**Problem**
If a record below holds a picture, drop the picture and copy everything else exactly.

**Material provided**
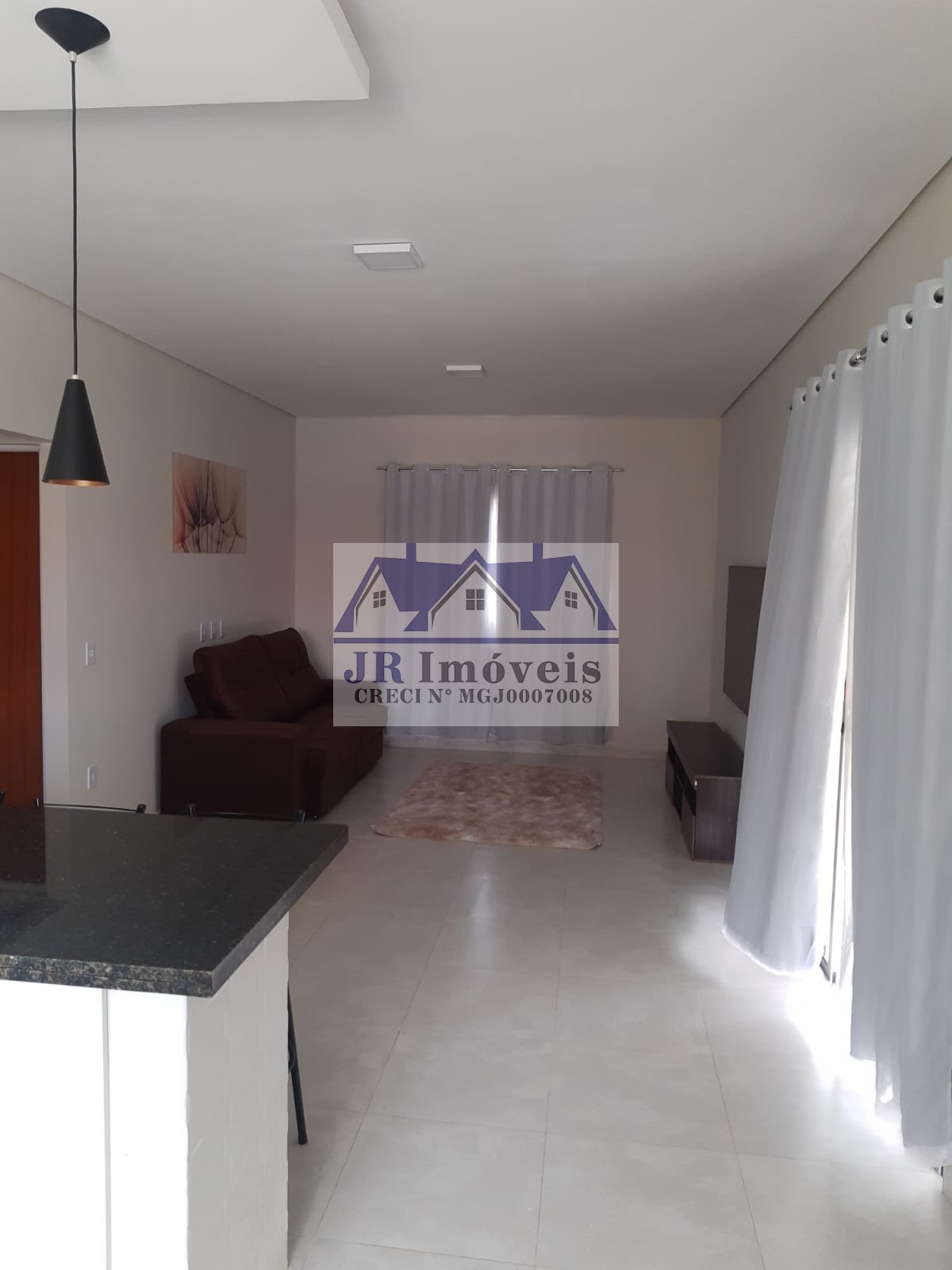 Rural à venda com 2000m² de terreno no Água Limpa, Delfim Moreira (MG) — foto 18 de 30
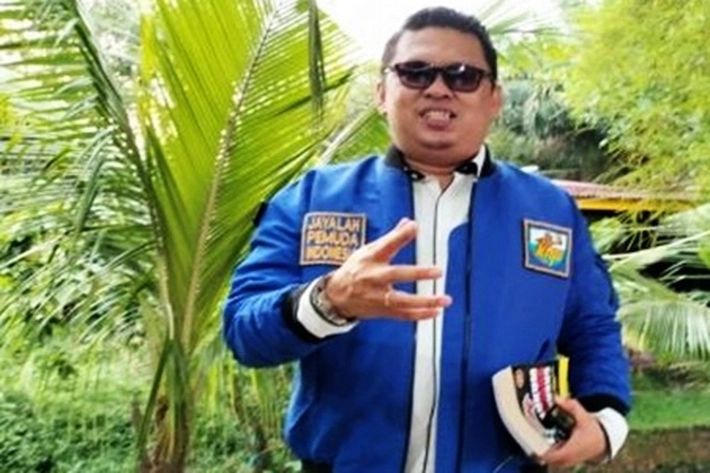 Setiap 20 Mei Indonesia Rayakan Hari Kebangkitan Nasional, KNPI Riau: Bisa Membangun Lewat Inovasi Sosial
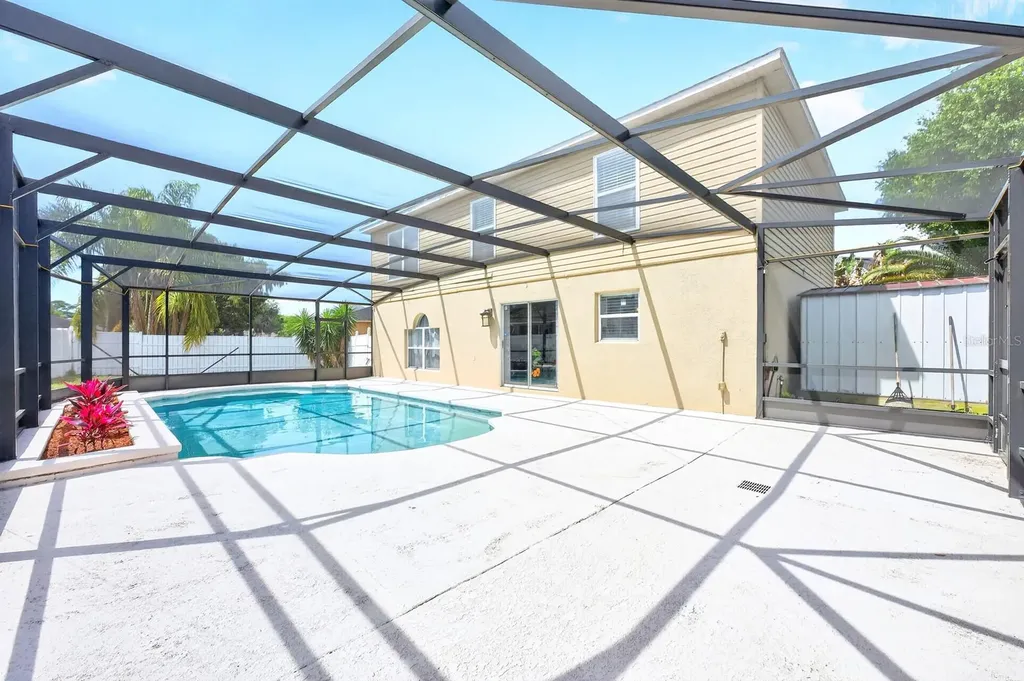 111 Carmel Bay Drive Sanford FL 32771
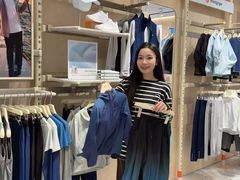 -凯德广场(金牛店)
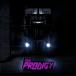 The Prodigy No Tourists LP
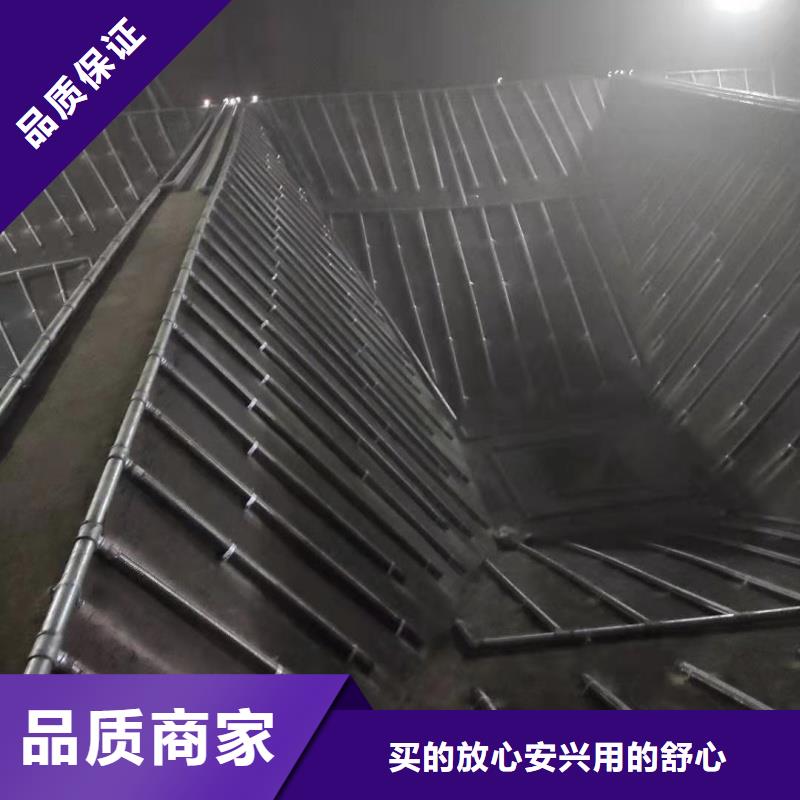 流化管价格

**Task solution**
 Rural à venda com 2000m² de terreno no Água Limpa, Delfim Moreira (MG) — foto 18 de 30
 Setiap 20 Mei Indonesia Rayakan Hari Kebangkitan Nasional, KNPI Riau: Bisa Membangun Lewat Inovasi Sosial
 111 Carmel Bay Drive Sanford FL 32771
 -凯德广场(金牛店)
 The Prodigy No Tourists LP
 流化管价格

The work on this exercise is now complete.